Figure 5 shows the TOA radiance for 1,3-butadiene in the infrared spectral bands. As can be seen from Figure 5, 1,3-butadiene decreases the infrared spectral radiance observed by the detector, which decreases as the concentration of 1,3-butadiene increases. 1,3 Butadiene has an absorption effect on atmospheric background radiance. In the 9–12 μm band, 1–10 ppm of 1,3-butadiene causes the detector to detect spectral radiance significantly below 0 ppm, while in the other bands, this difference is not significant, suggesting that 1,3-butadiene absorbs more atmospheric background radiance in the 9.0–12.0 μm band than in other bands.
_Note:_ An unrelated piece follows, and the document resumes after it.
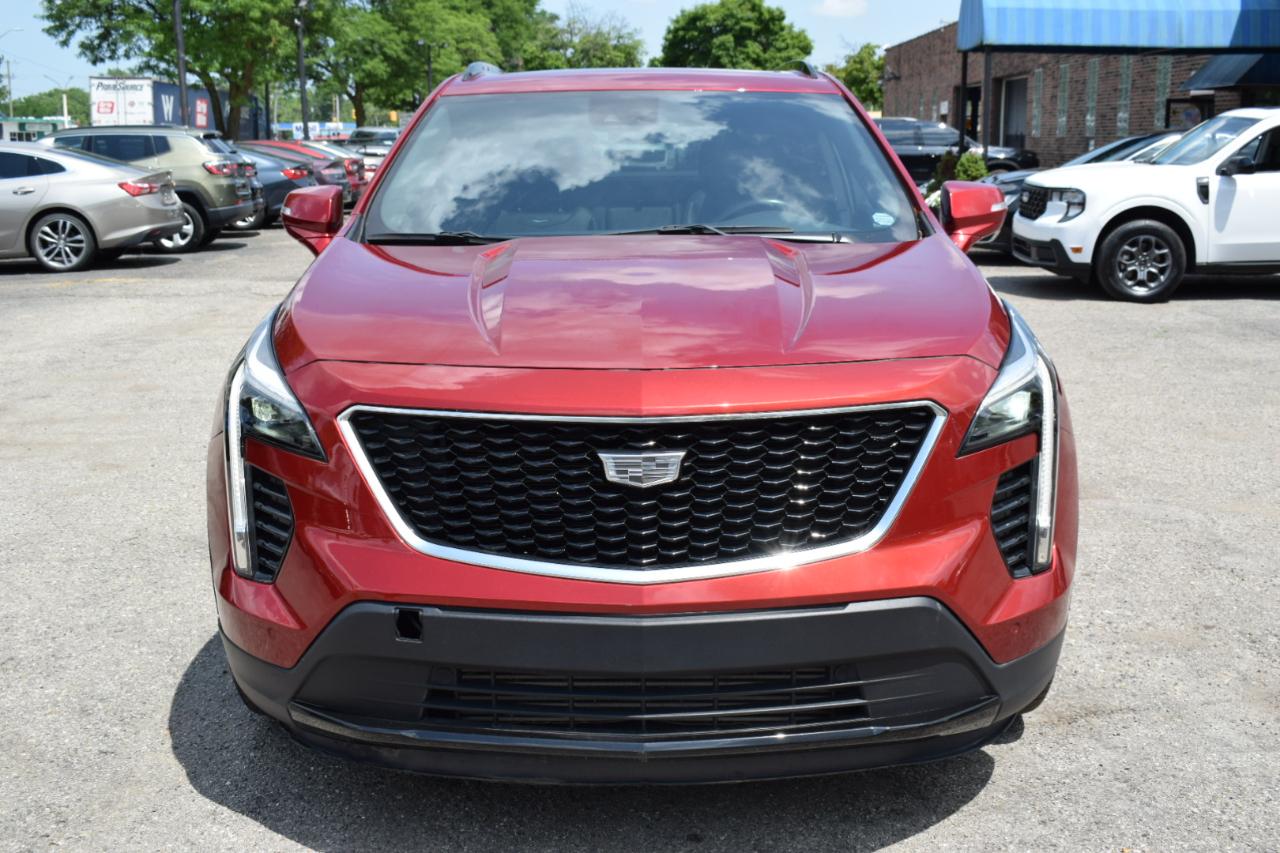 Cadillac XT4  2023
In the following discussion, the best infrared band of space-based infrared detection for 1,3-butadiene focuses on the 9.0–12.0 μm band.
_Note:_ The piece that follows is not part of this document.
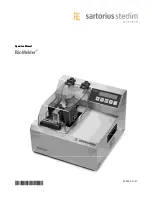 Предварительный просмотр 1 страницы Sartorius stedim BioWelder Operation Manual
Figure 6a shows the observed radiance of 1,3-butadiene within 9.0–12.0 μm. Figure 6b shows the difference between the observed radiance of 0 ppm 1,3-butadiene with the other 1,3-butadiene concentrations. In the 9.0–12.0 μm band, as the concentration of 1,3-butadiene increases, the spectral radiance observed by the detector decreases. In the narrow bands of 9.8–10 μm and 10.9–11.1 μm, 1,3-butadiene has two absorption peaks. Therefore, in this work, three detection bands of the narrow band 9.8–10.0 µm, 10.9–11.1 µm, and the wide band 9.0–12.0 µm were used to analyze the best detection bands.
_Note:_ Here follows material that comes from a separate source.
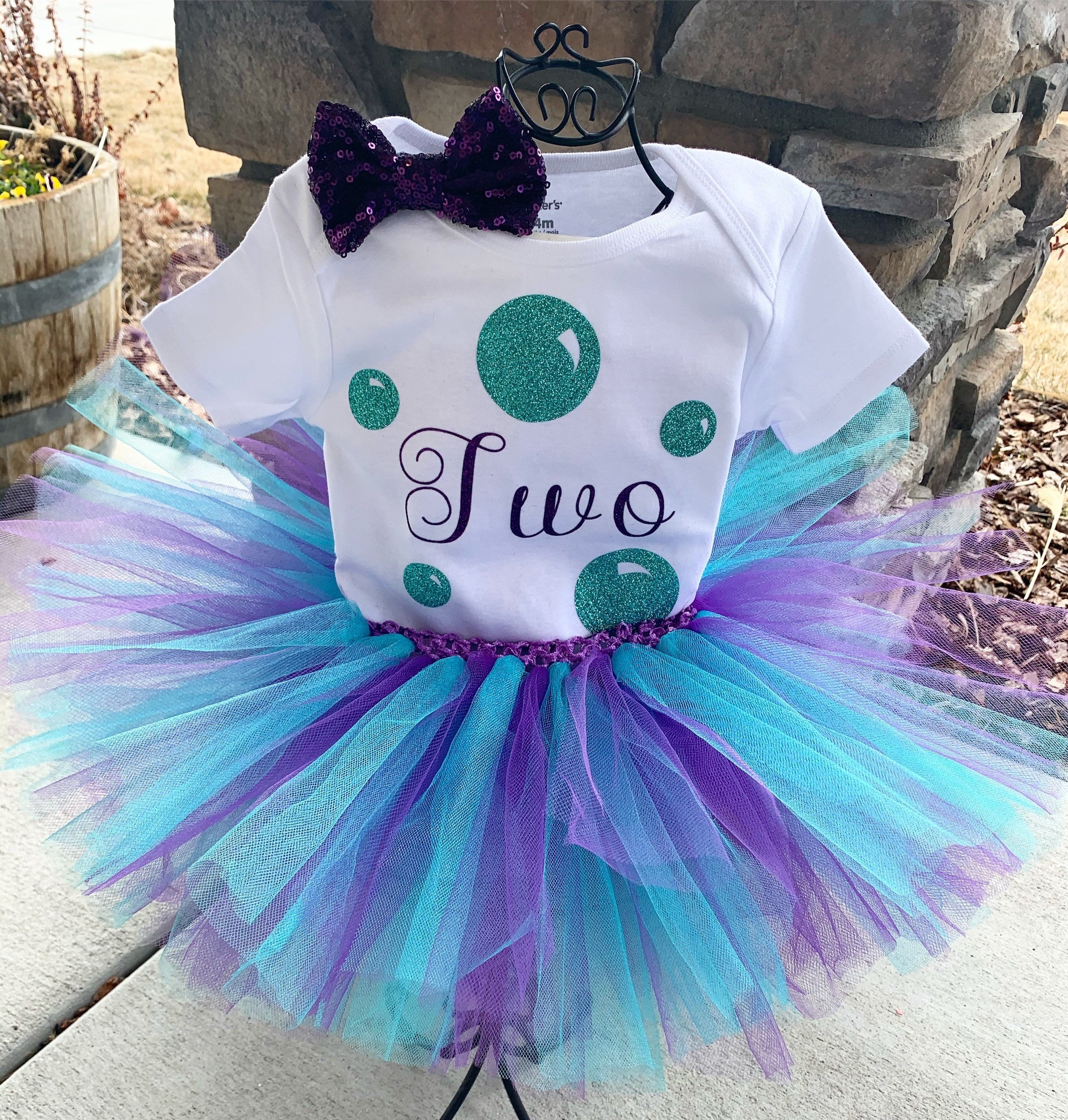 Bubble Guppies Birthday Outfit - Etsy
Figure 7 shows that, as the concentration of 1,3-butadiene increases, the SCR increases, and the infrared spectral detectability of 1,3-butadiene increases. In the 10.9–11.1 μm band, the SCR increases faster than the other two bands; the 9.8–10.0 μm band is the second, and the 9.0–12.0 μm band is the slowest. In the 9.0–12.0 μm, the radiance energy of 1,3-butadiene is much larger than in the other two bands. However, the background radiance through the atmosphere to the sensor is also large, and the 1,3-butadiene cannot be detected. In the wide spectral band, the spectral radiance of 1,3-butadiene is drowned out by the atmospheric background, and the detectability is low in wide bands. It is more reliable to detect 1,3-butadiene at the narrow band, such as 9.8–10.0 μm and 10.9–11.1 μm, and the detectability of 10.9–11.1 μm is the best.

4. Conclusions

Based on the demand of the space-based infrared detection of 1,3-butadiene, a modeling method of the Earth’s background radiance characteristics coupled with remote sensing data and a physical model is proposed, which can effectively simulate the Earth’s background radiance field distribution under a global space–time condition. In this work, the HITRAN database was used to obtain absorption cross sections to simulate infrared spectral absorption coefficient of 1,3-butadiene. The infrared spectral radiance of 1,3-butadiene was calculated by combining with the LOS method. The TIMED/SABER satellite measured data were used to obtain atmospheric profiles, and the Earth’s background radiance was simulated by DISORT. Combined with infrared radiance characteristics of different 1,3-butadiene concentrations, the space-based infrared radiance of 1,3-butadiene at a 1ppm concentration gradient was calculated, and the detectability of 1,3-butadiene at different wave bands is discussed. The TOA radiance of earth background with increasing concentration of 1,3-butadiene. The absorption effect of 1,3-butadiene on Earth background radiance ranges from 1.0 × 10^–4 W/(cm²·sr·μm) to 3.0 × 10^–4 W/(cm²·sr·μm). The results show that it is feasible to monitor 1,3-butadiene by space-based infrared detection, the sensibility of the narrow band (9.8–10.0 μm and 10.9–11.1 μm) is better than that of broadband (9.0–12.0 μm), and 10.9–11.1 μm is the best detection band for 1,3 butadiene. At present, sensors with 1,3-butadiene characteristic infrared channels can be used for space-based detection of 1,3-butadiene. This article provides a method for modeling the atmospheric background radiance under satellite measurement and 1,3-butadiene infrared spectral radiance with this database and provides support for space-based infrared VOCs detection.